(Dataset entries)

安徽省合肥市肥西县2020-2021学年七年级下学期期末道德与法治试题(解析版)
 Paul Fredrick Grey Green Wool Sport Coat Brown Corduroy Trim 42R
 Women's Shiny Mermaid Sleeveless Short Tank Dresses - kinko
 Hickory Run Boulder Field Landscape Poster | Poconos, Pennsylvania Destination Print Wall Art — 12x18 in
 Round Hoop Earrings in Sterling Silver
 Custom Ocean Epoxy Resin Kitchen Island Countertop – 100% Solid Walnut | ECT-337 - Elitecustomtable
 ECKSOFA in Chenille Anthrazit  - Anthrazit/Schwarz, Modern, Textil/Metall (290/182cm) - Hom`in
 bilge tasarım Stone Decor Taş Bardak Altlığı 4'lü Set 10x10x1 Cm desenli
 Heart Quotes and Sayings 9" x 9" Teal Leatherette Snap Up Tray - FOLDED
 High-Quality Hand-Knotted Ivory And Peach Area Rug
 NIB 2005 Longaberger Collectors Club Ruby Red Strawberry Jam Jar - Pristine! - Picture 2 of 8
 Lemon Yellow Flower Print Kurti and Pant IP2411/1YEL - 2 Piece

• [BRIEF] Your answer must be the lines from the one containing "ECKSOFA in Chenille" to the last line of the entries, repeated exactly and with nothing else.

• [SOLUTION FOR THIS PROBLEM]
 ECKSOFA in Chenille Anthrazit  - Anthrazit/Schwarz, Modern, Textil/Metall (290/182cm) - Hom`in
 bilge tasarım Stone Decor Taş Bardak Altlığı 4'lü Set 10x10x1 Cm desenli
 Heart Quotes and Sayings 9" x 9" Teal Leatherette Snap Up Tray - FOLDED
 High-Quality Hand-Knotted Ivory And Peach Area Rug
 NIB 2005 Longaberger Collectors Club Ruby Red Strawberry Jam Jar - Pristine! - Picture 2 of 8
 Lemon Yellow Flower Print Kurti and Pant IP2411/1YEL - 2 Piece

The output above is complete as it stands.